◆ **Your instructions**
In the data below, find the line that contains "Kućna velika torba" and the line that contains "Mundial 2026: Curazao". Copy both, plus every line between them, exactly.

◆ **Extracted data entries**

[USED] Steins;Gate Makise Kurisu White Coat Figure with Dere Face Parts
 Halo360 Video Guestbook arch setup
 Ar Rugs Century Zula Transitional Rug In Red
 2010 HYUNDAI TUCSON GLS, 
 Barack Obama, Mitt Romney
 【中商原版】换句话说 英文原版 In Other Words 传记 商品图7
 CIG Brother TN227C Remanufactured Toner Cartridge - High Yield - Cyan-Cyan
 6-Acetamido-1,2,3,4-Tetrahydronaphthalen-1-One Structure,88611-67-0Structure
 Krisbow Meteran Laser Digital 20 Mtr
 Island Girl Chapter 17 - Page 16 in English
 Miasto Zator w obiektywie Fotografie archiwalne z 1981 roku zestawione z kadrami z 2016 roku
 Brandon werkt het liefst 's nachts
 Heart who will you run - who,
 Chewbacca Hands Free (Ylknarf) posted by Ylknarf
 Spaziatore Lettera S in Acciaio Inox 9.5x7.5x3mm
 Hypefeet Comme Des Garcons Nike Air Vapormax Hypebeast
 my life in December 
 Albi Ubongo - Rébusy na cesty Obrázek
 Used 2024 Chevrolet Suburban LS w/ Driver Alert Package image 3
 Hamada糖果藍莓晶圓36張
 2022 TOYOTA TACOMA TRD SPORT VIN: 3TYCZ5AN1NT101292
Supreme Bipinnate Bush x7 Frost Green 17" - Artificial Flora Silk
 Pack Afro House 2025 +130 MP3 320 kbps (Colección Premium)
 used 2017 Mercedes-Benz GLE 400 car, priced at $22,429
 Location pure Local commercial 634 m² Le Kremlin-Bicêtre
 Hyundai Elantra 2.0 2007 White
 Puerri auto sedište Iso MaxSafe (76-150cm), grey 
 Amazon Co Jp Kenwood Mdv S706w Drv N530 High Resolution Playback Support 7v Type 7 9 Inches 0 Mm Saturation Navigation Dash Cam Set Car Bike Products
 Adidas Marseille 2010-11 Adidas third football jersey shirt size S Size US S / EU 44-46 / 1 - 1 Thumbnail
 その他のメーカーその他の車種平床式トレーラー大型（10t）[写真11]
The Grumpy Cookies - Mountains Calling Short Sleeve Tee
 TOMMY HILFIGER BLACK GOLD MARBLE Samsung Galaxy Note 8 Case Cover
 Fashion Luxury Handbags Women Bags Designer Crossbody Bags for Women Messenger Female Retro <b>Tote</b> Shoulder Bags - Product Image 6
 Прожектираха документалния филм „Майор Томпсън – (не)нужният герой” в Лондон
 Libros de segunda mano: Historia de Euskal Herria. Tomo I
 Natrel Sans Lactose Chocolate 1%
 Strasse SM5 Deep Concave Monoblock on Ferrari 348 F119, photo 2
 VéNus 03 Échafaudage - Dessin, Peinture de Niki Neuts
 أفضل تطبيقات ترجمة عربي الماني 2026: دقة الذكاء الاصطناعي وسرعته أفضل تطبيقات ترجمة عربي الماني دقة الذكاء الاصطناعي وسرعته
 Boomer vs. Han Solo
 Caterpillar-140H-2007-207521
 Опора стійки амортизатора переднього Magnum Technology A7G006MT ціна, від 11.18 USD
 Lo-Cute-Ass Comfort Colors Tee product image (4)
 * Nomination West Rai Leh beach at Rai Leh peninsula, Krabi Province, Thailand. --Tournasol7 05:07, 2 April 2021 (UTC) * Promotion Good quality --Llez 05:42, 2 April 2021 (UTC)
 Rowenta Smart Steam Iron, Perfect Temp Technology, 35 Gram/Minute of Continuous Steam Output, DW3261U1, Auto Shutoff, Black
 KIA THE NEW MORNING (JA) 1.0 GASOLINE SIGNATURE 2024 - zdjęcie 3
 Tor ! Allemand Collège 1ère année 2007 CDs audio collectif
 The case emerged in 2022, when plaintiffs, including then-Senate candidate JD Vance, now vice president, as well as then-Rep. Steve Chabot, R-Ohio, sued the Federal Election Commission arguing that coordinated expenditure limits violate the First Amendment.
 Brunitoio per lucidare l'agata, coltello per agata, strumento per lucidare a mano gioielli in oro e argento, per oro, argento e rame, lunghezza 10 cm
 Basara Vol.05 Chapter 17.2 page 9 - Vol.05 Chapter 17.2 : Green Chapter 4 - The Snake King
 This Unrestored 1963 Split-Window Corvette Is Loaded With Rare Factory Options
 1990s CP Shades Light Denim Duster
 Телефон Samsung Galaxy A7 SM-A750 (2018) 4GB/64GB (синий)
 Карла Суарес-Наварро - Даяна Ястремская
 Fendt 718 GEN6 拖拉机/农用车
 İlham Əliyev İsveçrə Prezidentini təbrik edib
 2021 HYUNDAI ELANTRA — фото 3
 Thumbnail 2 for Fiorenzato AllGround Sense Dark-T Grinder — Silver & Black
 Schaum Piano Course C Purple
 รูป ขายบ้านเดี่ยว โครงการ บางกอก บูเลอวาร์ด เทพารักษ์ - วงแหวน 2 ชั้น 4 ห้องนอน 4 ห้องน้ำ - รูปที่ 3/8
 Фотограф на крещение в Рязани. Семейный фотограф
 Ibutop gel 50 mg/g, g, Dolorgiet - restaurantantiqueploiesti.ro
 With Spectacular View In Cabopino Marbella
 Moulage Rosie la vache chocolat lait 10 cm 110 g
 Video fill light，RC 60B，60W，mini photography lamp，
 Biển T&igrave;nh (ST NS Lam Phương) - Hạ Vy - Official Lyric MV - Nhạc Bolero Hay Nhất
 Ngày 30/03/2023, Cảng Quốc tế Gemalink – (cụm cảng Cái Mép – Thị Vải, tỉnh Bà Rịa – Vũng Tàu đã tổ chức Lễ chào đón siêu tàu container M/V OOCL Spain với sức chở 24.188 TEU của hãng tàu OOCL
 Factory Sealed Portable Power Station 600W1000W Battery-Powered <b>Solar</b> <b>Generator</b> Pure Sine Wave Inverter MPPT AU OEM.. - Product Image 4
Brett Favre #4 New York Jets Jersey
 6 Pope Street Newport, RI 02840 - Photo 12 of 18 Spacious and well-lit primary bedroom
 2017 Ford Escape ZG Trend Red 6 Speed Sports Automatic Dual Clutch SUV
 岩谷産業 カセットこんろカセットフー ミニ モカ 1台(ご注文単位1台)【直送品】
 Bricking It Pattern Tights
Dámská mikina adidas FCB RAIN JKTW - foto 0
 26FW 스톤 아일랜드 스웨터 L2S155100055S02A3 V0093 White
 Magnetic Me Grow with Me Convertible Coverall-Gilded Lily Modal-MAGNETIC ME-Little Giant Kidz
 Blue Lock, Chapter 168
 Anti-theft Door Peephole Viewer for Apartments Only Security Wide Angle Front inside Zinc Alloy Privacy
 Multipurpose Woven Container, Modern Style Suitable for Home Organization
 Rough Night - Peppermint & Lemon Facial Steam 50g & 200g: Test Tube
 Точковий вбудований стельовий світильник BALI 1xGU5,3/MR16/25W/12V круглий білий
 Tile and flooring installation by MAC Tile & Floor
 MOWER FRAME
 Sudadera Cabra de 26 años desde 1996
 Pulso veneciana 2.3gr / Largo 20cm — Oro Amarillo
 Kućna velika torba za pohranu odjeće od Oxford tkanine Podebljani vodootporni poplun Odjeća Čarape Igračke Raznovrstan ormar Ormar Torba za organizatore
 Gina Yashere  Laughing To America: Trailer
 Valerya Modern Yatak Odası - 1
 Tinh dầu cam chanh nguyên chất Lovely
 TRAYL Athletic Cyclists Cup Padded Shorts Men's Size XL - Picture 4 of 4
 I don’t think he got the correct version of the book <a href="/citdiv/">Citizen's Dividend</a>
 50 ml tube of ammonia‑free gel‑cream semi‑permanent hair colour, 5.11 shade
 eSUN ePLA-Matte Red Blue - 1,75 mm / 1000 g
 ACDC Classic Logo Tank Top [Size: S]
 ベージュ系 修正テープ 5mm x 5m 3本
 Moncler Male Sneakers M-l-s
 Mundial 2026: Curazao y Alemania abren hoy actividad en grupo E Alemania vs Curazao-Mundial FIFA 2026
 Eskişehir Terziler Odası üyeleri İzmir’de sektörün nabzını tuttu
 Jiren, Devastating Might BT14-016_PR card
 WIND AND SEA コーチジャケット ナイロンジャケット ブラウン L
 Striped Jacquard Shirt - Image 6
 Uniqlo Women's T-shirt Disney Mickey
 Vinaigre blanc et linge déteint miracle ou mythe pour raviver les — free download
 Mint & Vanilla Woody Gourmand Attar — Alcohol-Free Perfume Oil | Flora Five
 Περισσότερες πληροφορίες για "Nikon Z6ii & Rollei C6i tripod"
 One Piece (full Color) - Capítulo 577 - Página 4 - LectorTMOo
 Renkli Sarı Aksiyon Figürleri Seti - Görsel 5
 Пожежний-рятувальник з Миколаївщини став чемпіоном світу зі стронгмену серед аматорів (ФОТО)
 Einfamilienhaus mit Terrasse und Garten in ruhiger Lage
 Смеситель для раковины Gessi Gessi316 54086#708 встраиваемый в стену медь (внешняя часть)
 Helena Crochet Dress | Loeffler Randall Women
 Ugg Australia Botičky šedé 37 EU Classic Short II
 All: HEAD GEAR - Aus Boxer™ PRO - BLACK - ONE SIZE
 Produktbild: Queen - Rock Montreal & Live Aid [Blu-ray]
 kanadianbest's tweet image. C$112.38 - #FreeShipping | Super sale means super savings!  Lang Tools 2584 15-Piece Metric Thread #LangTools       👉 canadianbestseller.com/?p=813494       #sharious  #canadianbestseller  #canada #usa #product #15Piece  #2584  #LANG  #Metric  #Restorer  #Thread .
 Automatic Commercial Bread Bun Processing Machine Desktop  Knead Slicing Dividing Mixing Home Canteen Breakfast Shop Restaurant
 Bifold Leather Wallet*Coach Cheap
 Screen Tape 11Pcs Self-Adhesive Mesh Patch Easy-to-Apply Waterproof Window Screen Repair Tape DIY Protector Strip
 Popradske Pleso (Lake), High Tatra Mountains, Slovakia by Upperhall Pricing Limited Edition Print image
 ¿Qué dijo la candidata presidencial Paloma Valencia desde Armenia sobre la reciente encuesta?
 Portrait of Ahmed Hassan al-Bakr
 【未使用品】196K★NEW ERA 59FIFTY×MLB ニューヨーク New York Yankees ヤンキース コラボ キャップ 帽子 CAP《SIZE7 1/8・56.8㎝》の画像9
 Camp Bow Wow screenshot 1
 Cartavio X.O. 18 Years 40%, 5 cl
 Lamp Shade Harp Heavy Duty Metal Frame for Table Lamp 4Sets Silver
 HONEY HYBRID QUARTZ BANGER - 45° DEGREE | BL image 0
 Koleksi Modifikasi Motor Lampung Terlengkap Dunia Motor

◆ **Result below**
 Kućna velika torba za pohranu odjeće od Oxford tkanine Podebljani vodootporni poplun Odjeća Čarape Igračke Raznovrstan ormar Ormar Torba za organizatore
 Gina Yashere  Laughing To America: Trailer
 Valerya Modern Yatak Odası - 1
 Tinh dầu cam chanh nguyên chất Lovely
 TRAYL Athletic Cyclists Cup Padded Shorts Men's Size XL - Picture 4 of 4
 I don’t think he got the correct version of the book <a href="/citdiv/">Citizen's Dividend</a>
 50 ml tube of ammonia‑free gel‑cream semi‑permanent hair colour, 5.11 shade
 eSUN ePLA-Matte Red Blue - 1,75 mm / 1000 g
 ACDC Classic Logo Tank Top [Size: S]
 ベージュ系 修正テープ 5mm x 5m 3本
 Moncler Male Sneakers M-l-s
 Mundial 2026: Curazao y Alemania abren hoy actividad en grupo E Alemania vs Curazao-Mundial FIFA 2026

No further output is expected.